Best practices training from scratch using only modified inputs

nanoporetech / megalodon

Megalodon is a research command line tool to extract high accuracy modified base and sequence variant calls from raw nanopore reads by anchoring the information rich basecalling neural network output to a reference genome/transriptome.

Other

197 stars 30 forks source link

Hi Megalodon Team

I am currently training a modified base model from scratch as the C-modification in question does not have any existing models available. From an experimental setup, we have two sequencing runs, one where all Cs are modified (let's call it Run A) and another where none of the Cs are modified (Run B). The reference genome for both experiments is the same.

So far, I have used Run A as starting point for model training: I generated the signal mappings, trained a model with taiyaki, and then used that uncalibrated model to evaluate both Run A and Run B. As was perhaps expected, every reference cytosine in both Run A and Run B is classified as modified with a very high probability (>95%): I assume that since I am feeding the model training with only positive samples, none of the relevant signal that would be used to distinguish modified from unmodified C is being captured.

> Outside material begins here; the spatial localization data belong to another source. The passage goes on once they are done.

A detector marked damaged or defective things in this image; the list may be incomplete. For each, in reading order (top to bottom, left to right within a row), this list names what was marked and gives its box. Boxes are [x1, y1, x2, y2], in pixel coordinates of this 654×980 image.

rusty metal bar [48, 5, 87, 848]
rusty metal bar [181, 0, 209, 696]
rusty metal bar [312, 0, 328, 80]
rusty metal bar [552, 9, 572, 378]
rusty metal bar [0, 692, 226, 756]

After calibrating the model using Run B as a control, and rerunning megalodon with this calibrated model, all reference Cs are now classified as canonical (again not surprising since all Cs were called modified for both Run A and B prior to calibration).

Clearly this is not the right approach. Ideally, I could train on both Run A and B simultaneously by marking all Cs in Run A as modified and all Cs on sequences coming from Run B as canonical, but as far as I am aware, this is not possible with Megalodon. What is correct approach here?

Thank you in advance.

The Taiyaki misc/merge_mappedsignalfiles.py script is the command for which you are looking (see here).

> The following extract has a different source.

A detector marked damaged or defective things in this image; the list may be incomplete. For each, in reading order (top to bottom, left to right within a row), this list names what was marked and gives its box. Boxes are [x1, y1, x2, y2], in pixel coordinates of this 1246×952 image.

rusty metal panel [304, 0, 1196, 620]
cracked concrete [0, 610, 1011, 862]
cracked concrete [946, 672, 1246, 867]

This will merge the alphabets and create a new training file with the combination of reads from both runs.

On another note, I would highly recommend to use this training file to train the model using the newer Remora framework for modified base training. This framework is much more likely to work especially in this case where all bases are modified in the training sample. The megalodon/flip-flop modified base models trained from fully modified samples have not worked well in the past as the model is able to "learn" whether a read is completely modified or not and is not able to generalize to reads with partial modification. The Remora framework takes in only small chunks of data (~10 bases of signal) to predict whether a base is modified or not. See more details in my talk at NCM last month. These Remora models are currently run-able in megalodon and Bonito and will be ported into Guppy in the near future.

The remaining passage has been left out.